Copy each record exactly as it reads, leaving out any pictures it holds.

[[ Material for this task, beginning ]]

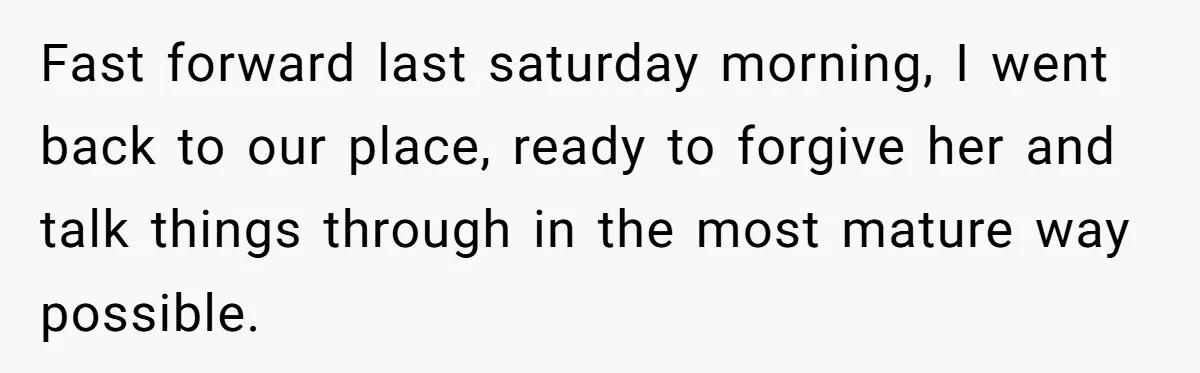 Fast forward last saturday morning, I went back to our place, ready to forgive her and talk things through in the most mature way possible.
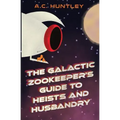 The Galactic Zookeeper's Guide to Heists and Husbandry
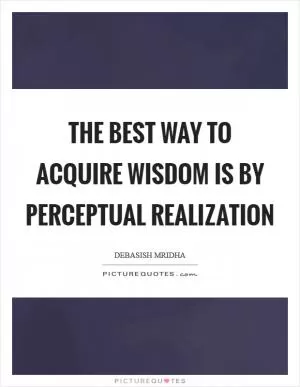 The best way to acquire wisdom is by perceptual realization Picture Quote #1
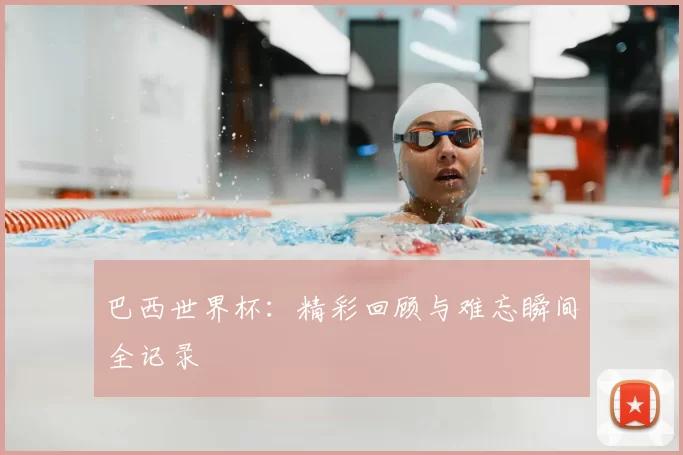 巴西世界杯：精彩回顾与难忘瞬间全记录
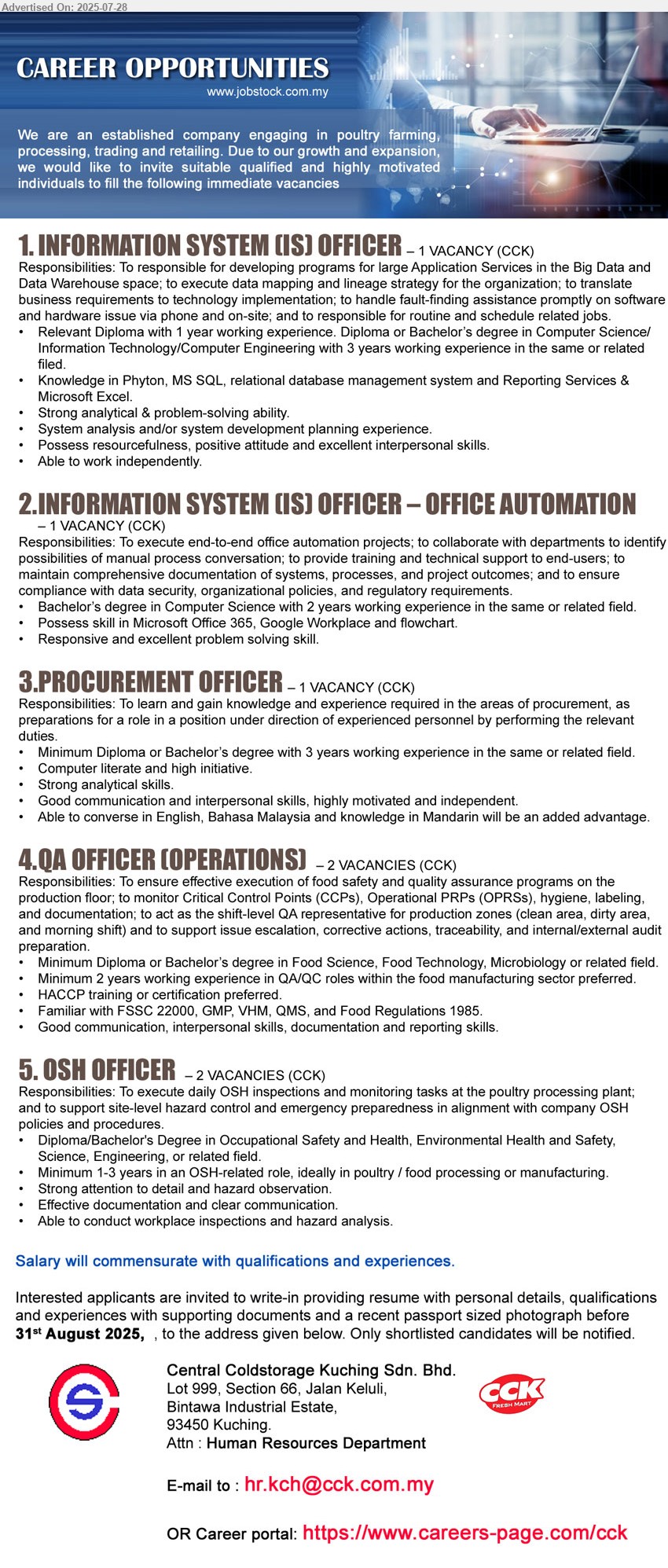 CENTRAL COLDSTORAGE KUCHING SDN BHD - 1. INFORMATION SYSTEM (IS) OFFICER  (Kuching),  Diploma with 1 year working experience. Diploma or Bachelor’s Degree in Computer Science/Information Technology/Computer Engineering with 3 years working experience,...
2. INFORMATION SYSTEM (IS) OFFICER – OFFICE AUTOMATION  (Kuching), Bachelor’s Degree in Computer Science with 2 years working experience,...
3. PROCUREMENT OFFICER  (Kuching), Diploma or Bachelor’s Degree with 3 years working experience,...
4. QA OFFICER (OPERATIONS) (Kuching), 2 posts, Diploma or Bachelor’s Degree in Food Science, Food Technology, Microbiology,...
5. OSH OFFICER  (Kuching),2 posts, Diploma/Bachelor's Degree in Occupational Safety and Health, Environmental Health and Safety,Science, Engineering,...
Email resume.
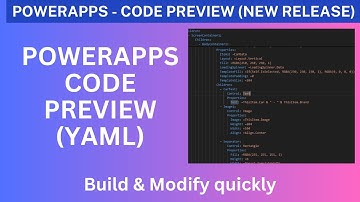 PowerApps - New Feature Code Preview (YAML)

[[ Material for this task, end ]]

• **Response for this exercise**
 Fast forward last saturday morning, I went back to our place, ready to forgive her and talk things through in the most mature way possible.
 The Galactic Zookeeper's Guide to Heists and Husbandry
 The best way to acquire wisdom is by perceptual realization Picture Quote #1
 巴西世界杯：精彩回顾与难忘瞬间全记录
 CENTRAL COLDSTORAGE KUCHING SDN BHD - 1. INFORMATION SYSTEM (IS) OFFICER  (Kuching),  Diploma with 1 year working experience. Diploma or Bachelor’s Degree in Computer Science/Information Technology/Computer Engineering with 3 years working experience,...
2. INFORMATION SYSTEM (IS) OFFICER – OFFICE AUTOMATION  (Kuching), Bachelor’s Degree in Computer Science with 2 years working experience,...
3. PROCUREMENT OFFICER  (Kuching), Diploma or Bachelor’s Degree with 3 years working experience,...
4. QA OFFICER (OPERATIONS) (Kuching), 2 posts, Diploma or Bachelor’s Degree in Food Science, Food Technology, Microbiology,...
5. OSH OFFICER  (Kuching),2 posts, Diploma/Bachelor's Degree in Occupational Safety and Health, Environmental Health and Safety,Science, Engineering,...
Email resume.
 PowerApps - New Feature Code Preview (YAML)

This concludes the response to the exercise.